Information supplied:
-- Opening Marker --

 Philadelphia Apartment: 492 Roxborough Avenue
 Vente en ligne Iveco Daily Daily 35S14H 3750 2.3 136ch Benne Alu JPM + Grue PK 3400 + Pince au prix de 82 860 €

-- Closing Marker --
-- Opening Marker --

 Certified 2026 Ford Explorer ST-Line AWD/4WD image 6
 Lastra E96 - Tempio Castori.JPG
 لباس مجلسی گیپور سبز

-- Closing Marker --
-- Opening Marker --

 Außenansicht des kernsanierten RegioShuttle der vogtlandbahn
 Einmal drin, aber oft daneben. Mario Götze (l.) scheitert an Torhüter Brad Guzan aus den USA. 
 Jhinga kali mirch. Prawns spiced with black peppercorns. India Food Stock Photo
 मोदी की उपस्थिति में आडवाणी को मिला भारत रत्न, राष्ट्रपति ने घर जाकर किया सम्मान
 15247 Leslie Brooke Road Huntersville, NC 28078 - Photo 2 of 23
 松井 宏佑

-- Closing Marker --

Taking the material above, extract exactly and only the lines from the line with "Einmal drin, aber" to the line with "मोदी की उपस्थिति", inclusive of both.

Task response:
 Einmal drin, aber oft daneben. Mario Götze (l.) scheitert an Torhüter Brad Guzan aus den USA. 
 Jhinga kali mirch. Prawns spiced with black peppercorns. India Food Stock Photo
 मोदी की उपस्थिति में आडवाणी को मिला भारत रत्न, राष्ट्रपति ने घर जाकर किया सम्मान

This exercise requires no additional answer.